He also confirmed this month that he had authorised the Central Intelligence Agency (CIA) to begin covert operations in Venezuela.

Maduro has been a key component in Trump’s efforts to expand his executive authority and take more brazen actions.

When Trump, for example, sought to use the Alien Enemies Act to carry out his mass deportation campaign, he cited Maduro as a threat to justify the use of the wartime law.

Maduro has masterminded an “invasion” of the US by the Venezuelan gang Tren de Aragua, Trump and his officials have argued, without providing proof.

But recent intelligence reports from the US government contradict that claim. In May, a declassified memo from the Office of the Director of National Intelligence found no evidence that Maduro is directing the gang.

Gustavo Petro, wearing a red scarf and lifting his arms to point at the sky
Colombian President Gustavo Petro is a vocal critic of Donald Trump [Luisa Gonzalez/Reuters]

‘A death trap’

Similarly, Trump has accused Petro, Colombia’s president, of allowing illicit drugs to flow out of his country. Colombia has long been the world’s largest producer of coca, the raw ingredient for cocaine and other products.

Calling Petro “a thug and a bad guy”, Trump warned on Wednesday he would consider taking action against the outgoing Colombian leader, who is slated to leave office in 2026.

“He’d better watch it, or we’ll take very serious action against him and his country,” Trump said. “What he has led his country into is a death trap.”
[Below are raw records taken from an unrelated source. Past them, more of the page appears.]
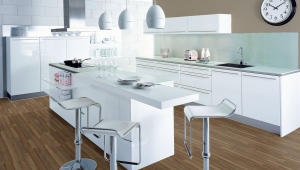  Tailles des meubles de cuisine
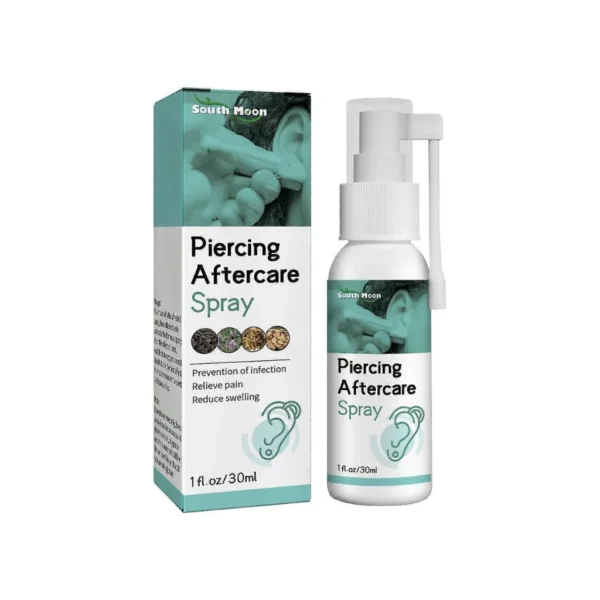 piercing spray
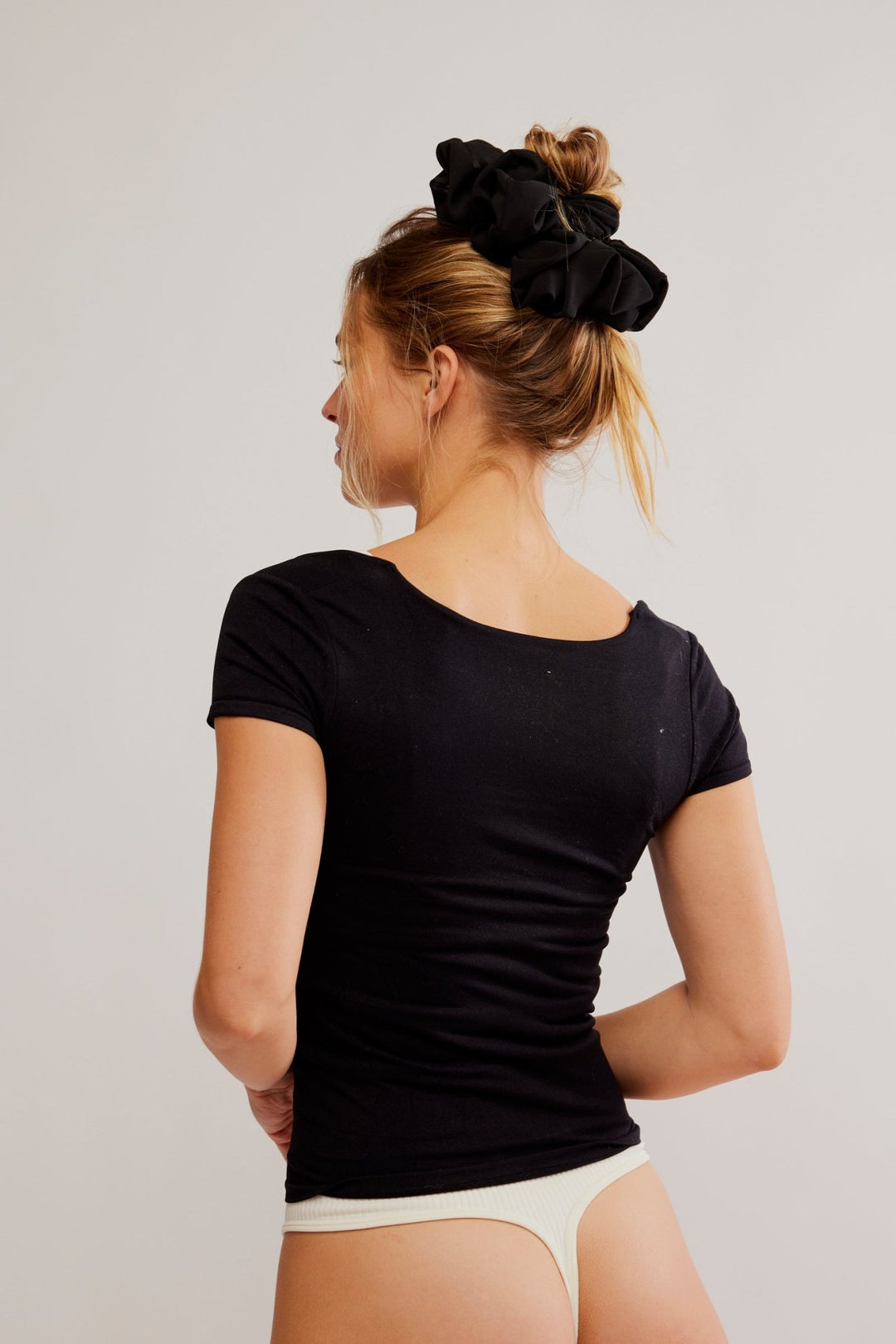 FREE PEOPLE - Clean Lines Baby Tee SALE - Jayden P Boutique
Petro responded shortly afterwards on the social media platform X, threatening to sue Trump and his officials in a US court for slander.

“I will always be against genocide and assassinations of power in the Caribbean,” he wrote.

A former left-wing rebel, Petro has styled himself as a prominent critic of Trump among world leaders. He and Trump have clashed repeatedly over deportations and the ongoing “war on drugs”.

While Trump argued in a recent memo to the US Congress that drug traffickers were “unlawful combatants”, Petro has maintained that some of the victims of the US’s bombing campaign were little more than local fishermen.

“Fisherman Alejandro Carranza had no ties to drug trafficking and his daily activity was fishing,” Petro wrote on social media last week, highlighting the case of one Colombian man reportedly killed in the strikes.

Petro then accused the US government of committing crimes: “US government officials have committed murder and violated our sovereignty in territorial waters.”